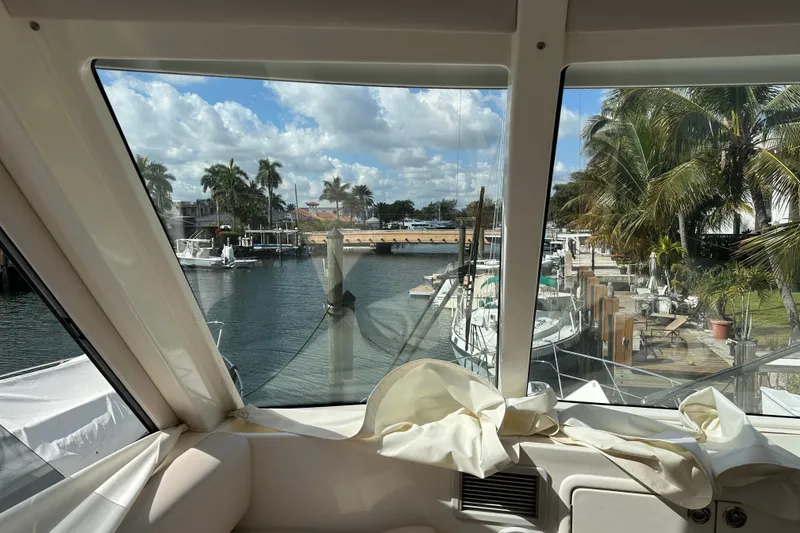 Slide: The Image of View from 2009 Riviera 47 Enclosed Flybridge, overlooking marina with palm trees and boats. - 66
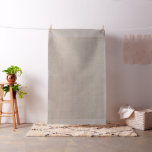A brown rug with an intricate motif lies on the fl fabric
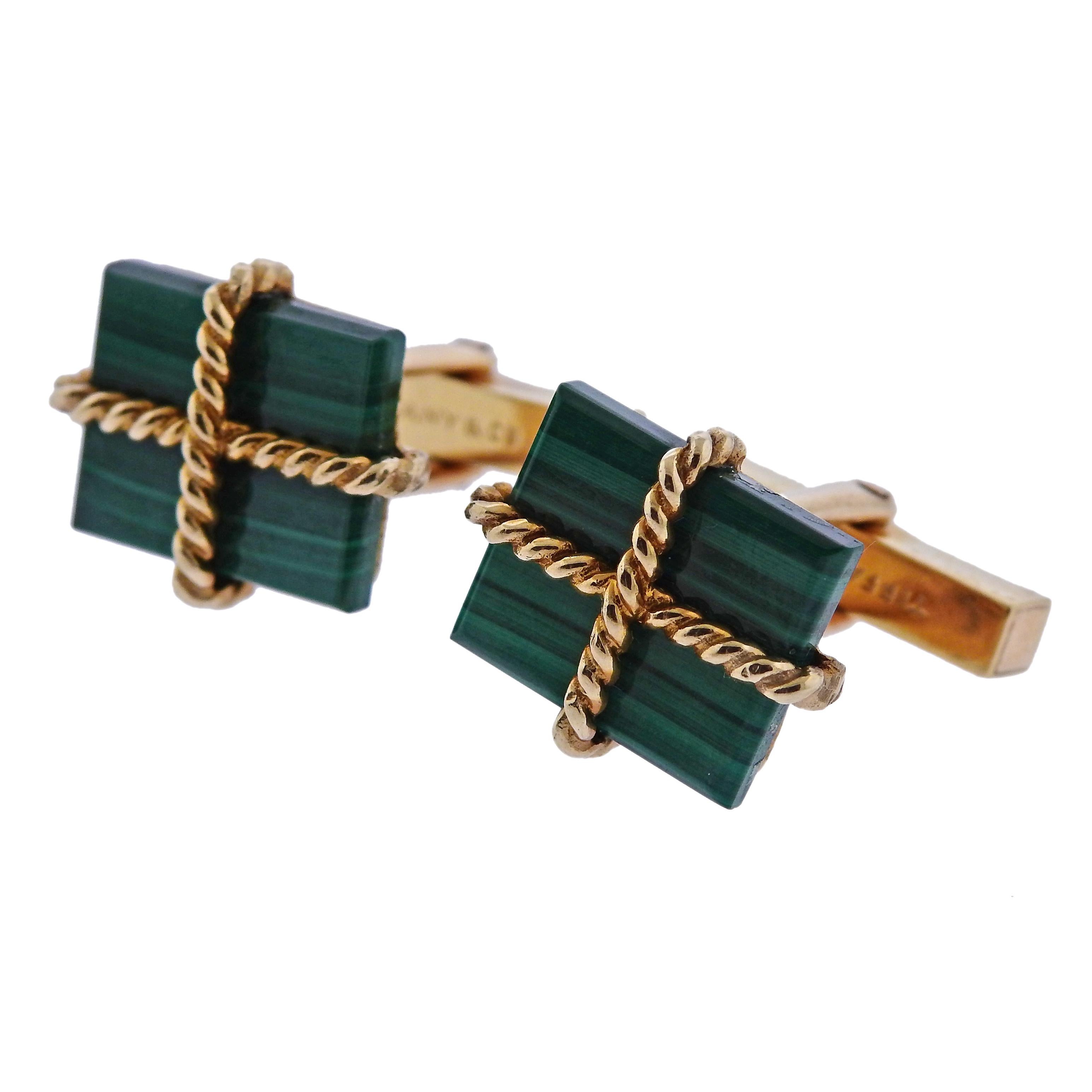 Pair of 14k gold Tiffany & Co cufflinks, set with malachite. Cufflink top measures 18mm x 15mm, weigh 14.5 grams. Marked: Tiffany & Co, 14k.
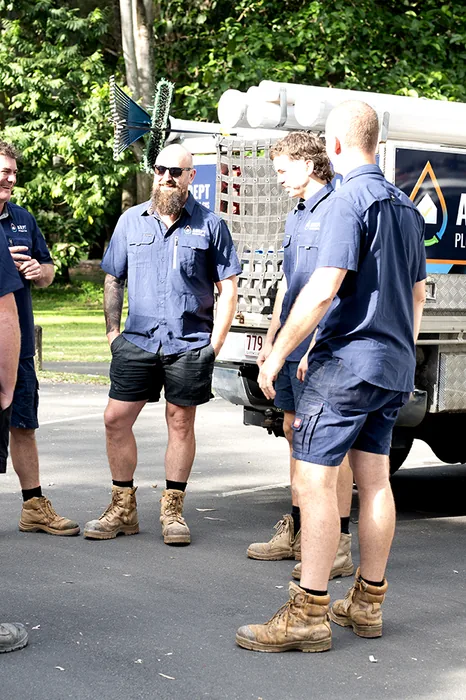 Adept Plumbing & Gas team gathered beside a company truck
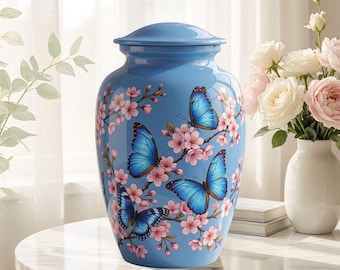 Urna funeraria conmemorativa de flores de cerezo y mariposa azul para cenizas, urna floral personalizada, elegante homenaje a la naturaleza, regalo de condolencia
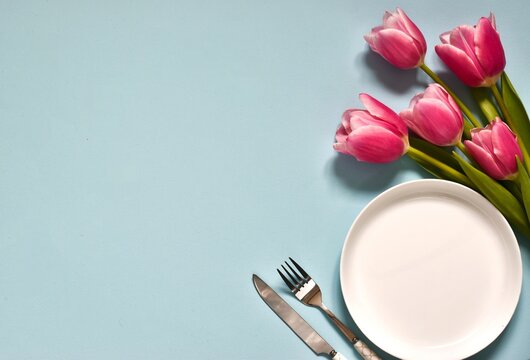 Festive creative table setting. Round plate and cutlery with tulip bouquet on blue background. Valentine's Day, Wedding Day, Birthday, Women's Day and Mother's Day. Flat lay. Copy space. Menu.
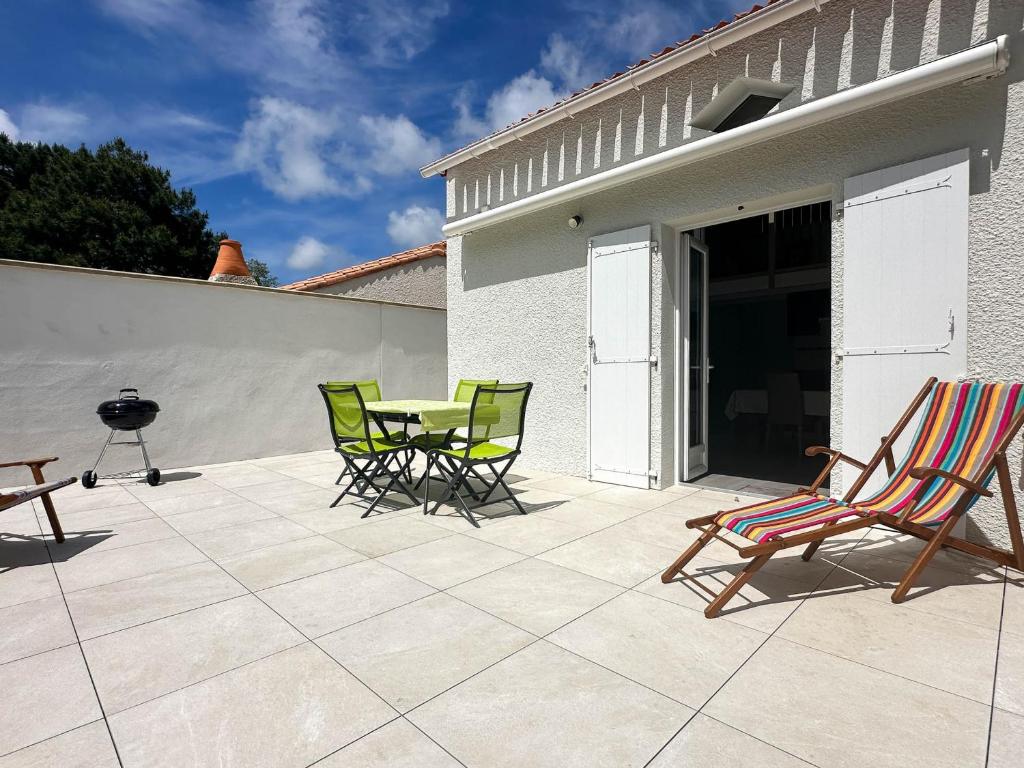 un patio avec des chaises, une table et un grill dans l'établissement Maison 5 Pers à La Palmyre - Terrasse Sud, Plage à 1000m, Commerces à 300m, Calme, WIFI, Parking - FR-1-705-21, à La Palmyre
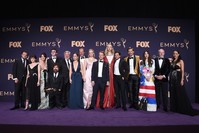 The cast of ,Game of Thrones,, winners of the award for outstanding drama series, pose in the press room at the 71st Primetime Emmy Awards. (AP Photo)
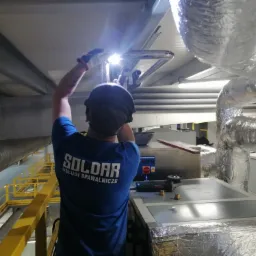 Spawacz w niebieskiej koszulce firmy SOLDAR wykonuje spawanie rur wentylacyjnych pod sufitem, widoczne iskry i osłona spawarki, w tle żółte barierki i rury wentylacyjne.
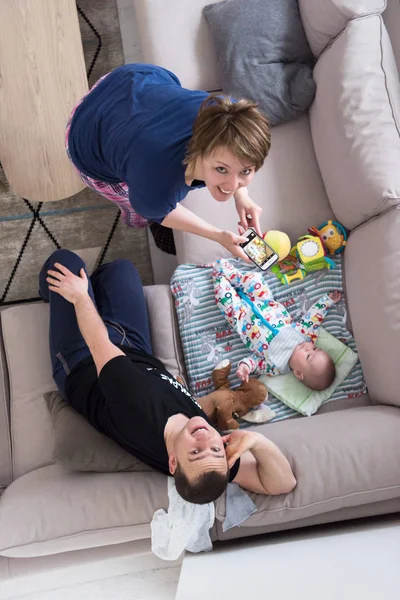 Von oben: glückliche Mutter und Vater beim Fotografieren des Babys — Stockfoto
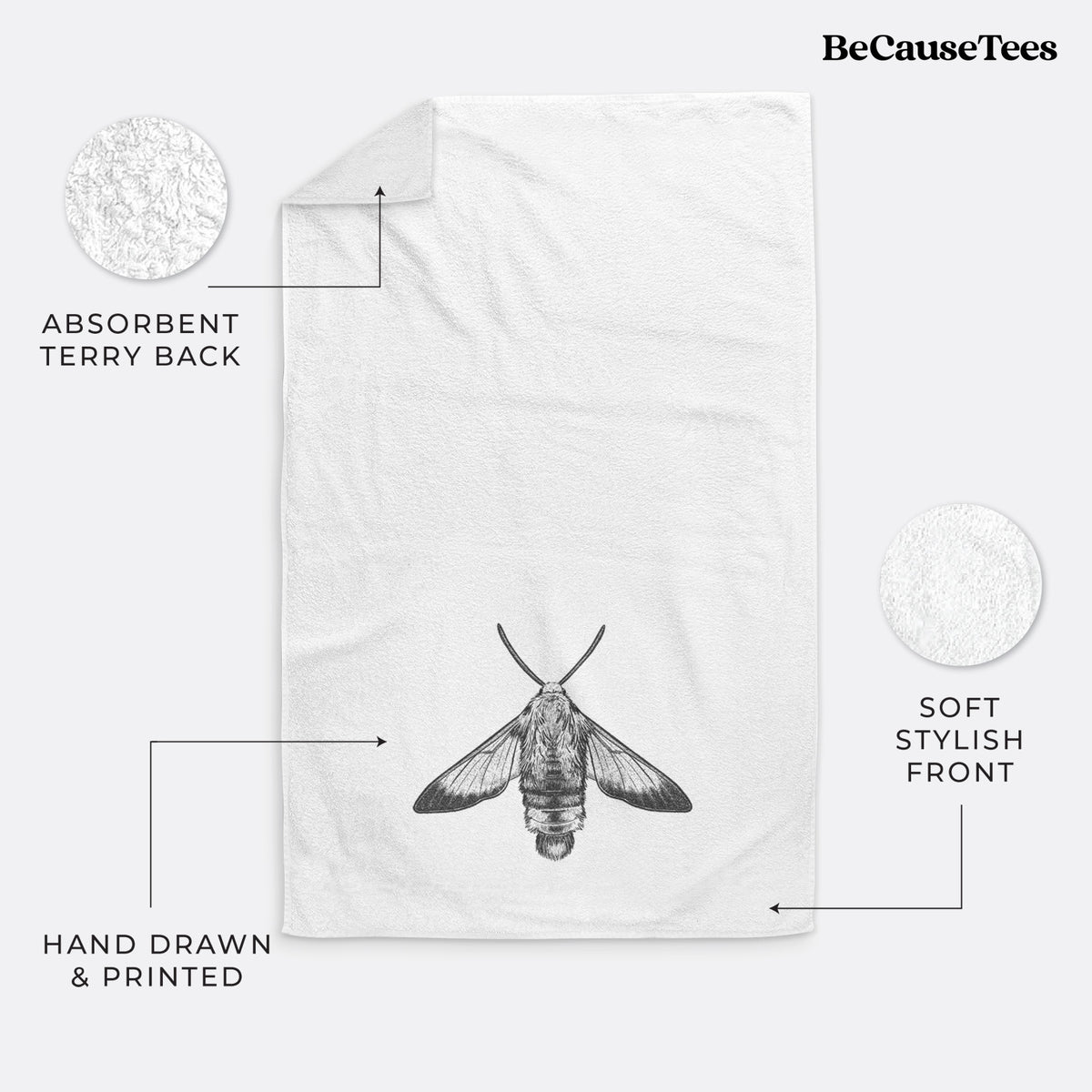 White hand towel printed with a detailed black ink illustration of a snowberry clearwing moth, seen from above.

[WHAT TO WORK ON]: Begin at the top of the records above and retype each line exactly until the line containing "Festive creative table", which is included. Skip all pictures.

[RESPONSE TO THE TASK]:
 Slide: The Image of View from 2009 Riviera 47 Enclosed Flybridge, overlooking marina with palm trees and boats. - 66
A brown rug with an intricate motif lies on the fl fabric
 Pair of 14k gold Tiffany & Co cufflinks, set with malachite. Cufflink top measures 18mm x 15mm, weigh 14.5 grams. Marked: Tiffany & Co, 14k.
 Adept Plumbing & Gas team gathered beside a company truck
 Urna funeraria conmemorativa de flores de cerezo y mariposa azul para cenizas, urna floral personalizada, elegante homenaje a la naturaleza, regalo de condolencia
 Festive creative table setting. Round plate and cutlery with tulip bouquet on blue background. Valentine's Day, Wedding Day, Birthday, Women's Day and Mother's Day. Flat lay. Copy space. Menu.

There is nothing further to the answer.